Merchant Warehouse, a provider of merchant accounts and credit card processing solutions, has a plan to keep shoppers' personal and financial information safe and secure this holiday season.
Protecting customer data starts with the IT and physical security practitioners, but restaurant and other retail operators should include a checklist for cashiers on the front line. Here are a few tips from the industry experts to keep consumers safe this shopping season:
Make sure the security software is on. Ensure all systems that access the Internet are protected with anti-malware technology.
Knowledge is power. Conduct awareness training. Awareness of common techniques and an understanding of how to identify malicious content can go a long way toward proactive prevention.
Monitor the networks. Comprehensive monitoring of both the network and the client will help you trend threats, identify weakness in your existing enterprise and if necessary, give you the tools to identify and contain a breach if one occurs.
Segment the networks. If you're a merchant bound by the requirements of the PCI security standard, you should be doing this anyway. The idea is to make it so hackers can't access the goods, even if they manage to break into another part of the network.
Bad things in store for those who store. Another basic requirement of PCI security is that companies store as little card holder data after transactions as possible. The more that's stored, the more damage companies and customers can suffer at the hands of data thieves.

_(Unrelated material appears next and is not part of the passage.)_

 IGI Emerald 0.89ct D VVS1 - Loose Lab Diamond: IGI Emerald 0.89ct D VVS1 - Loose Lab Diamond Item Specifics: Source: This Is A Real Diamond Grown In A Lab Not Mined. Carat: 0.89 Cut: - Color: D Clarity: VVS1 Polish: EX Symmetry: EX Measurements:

Encrypt it. Verify that your company has an encrypted card reader to ensure PCI compliance and, more importantly, to ensure the bad guys can't use what they steal.
As Ronald Reagan used to say, "Trust but verify." Ensure address verification system and card verification values match (i.e. 3 or 4 digit in signature panel).
Verify signature block. Sure, cashiers get overwhelmed when there's a long line of impatient people in front of them. But an important part of stopping credit card fraud is to check the signature block, particularly if the signature is worn out.
PIN the tail on the transaction. As a rule, PIN debit transactions are more secure (and typically cheaper) than signature-based transactions.